Page 35 of Faithful

“What if I’m not?”

“How about you let me take a peek so I can decide for myself? I’m sick and tired of people deciding for me. Huh? How about that, Kai? How about you meet me halfway?”

I realize that I’ve just shouted the last sentence and I clamp my hand over my mouth, terrified that Leigh woke up because she heard me getting all emotional atfuck knows what timein the morning.

“You ever thought,” he rasps out, “that some secrets are better remaining secrets?”

“No.”

“I don’t want to lose you…”

My breath catches in my throat. Something swoops low in my stomach, like the flap of a butterfly's wings. “What makes you think you will?” I have to force myself to say it because I’m a little light-headed.

“I know I will… It’s just too fucking dark there…”

“Where?”

“Where I’m going.”

“You don’t have to.”

“I don’t think you understand.” His voice turns weak and wobbly and sounds distant. “I have no control over it. This world isn’t for me but that place… that place where I’m headed, that darkness… calls to me… And when it does, I’m no longer able to say no.”
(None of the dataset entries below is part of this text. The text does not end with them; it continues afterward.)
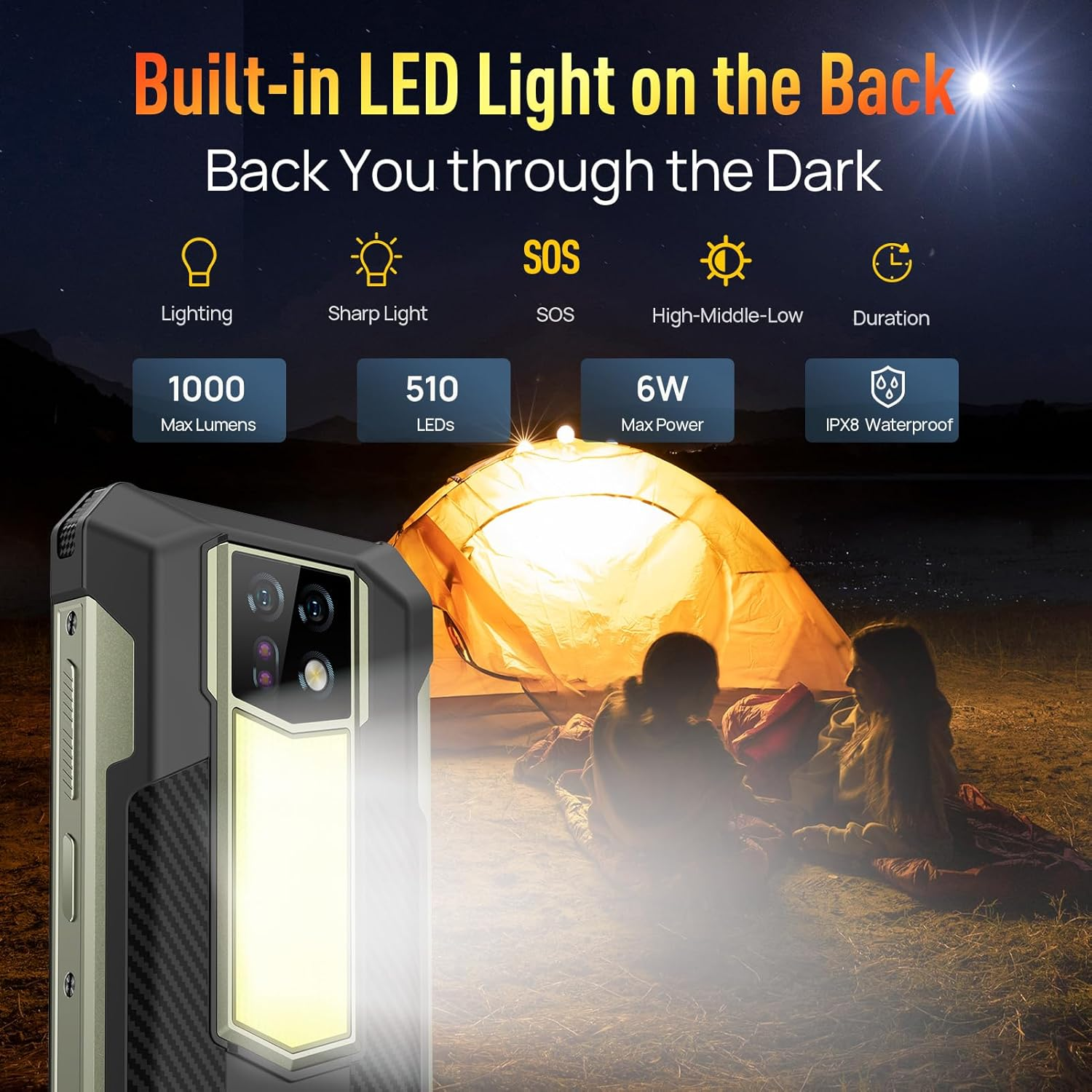 Un teléfono resistente con una luz LED brillante. Una persona está en una tienda de campaña.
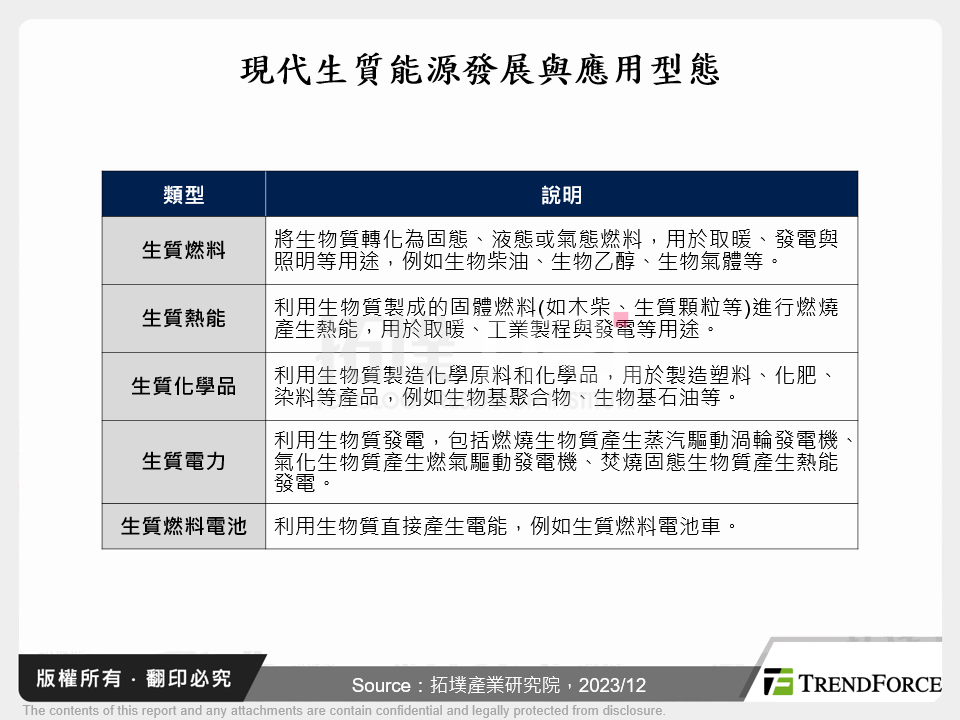 現代生質能源發展與應用型態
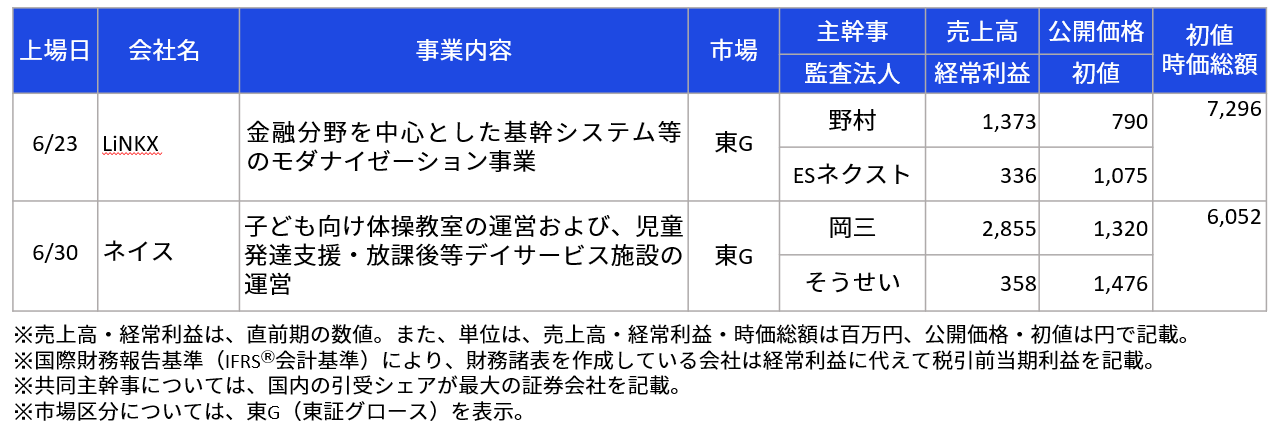 直近のIPOの状況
I know I’m about to overstep his boundaries, but I ask anyway. “Is that place… where you got your scars?”

Silence.

More silence.

More, more, more fucking silence.

I start panicking. He either fell asleep or… Or what? Stopped breathing? Got lost? Dropped his phone? Decided he didn’t want to talk to me? All of the above? What the fuck do I do?

Then comes a quiet “Yeah.”

I let out a sigh of relief. “Kai?”

“Mmm?”

“I’ll be there tomorrow. You wait for me?”

“Sure.”

“I’m fucking serious. Wait for me.”

“Where am I gonna go?” He laughs softly and although it’s not a happy laugh, it’s not an unhappy one either. It’s something I find acceptable and not alarming enough for me to barge into Leigh’s room and ask to borrow her credit card (since I already ran mine dry) so I could get on a flight to Nashville sooner.

“I don’t know. You’re talking nonsense again.”

“I always talk nonsense.”

“That you do…”

We pause.

“Hey…” I mutter, sensing that the best thing right now would be to just divert the conversation elsewhere, to distract him. “How come I don’t have any pictures of you?”

“Really? There aren’t enough photos of me online?”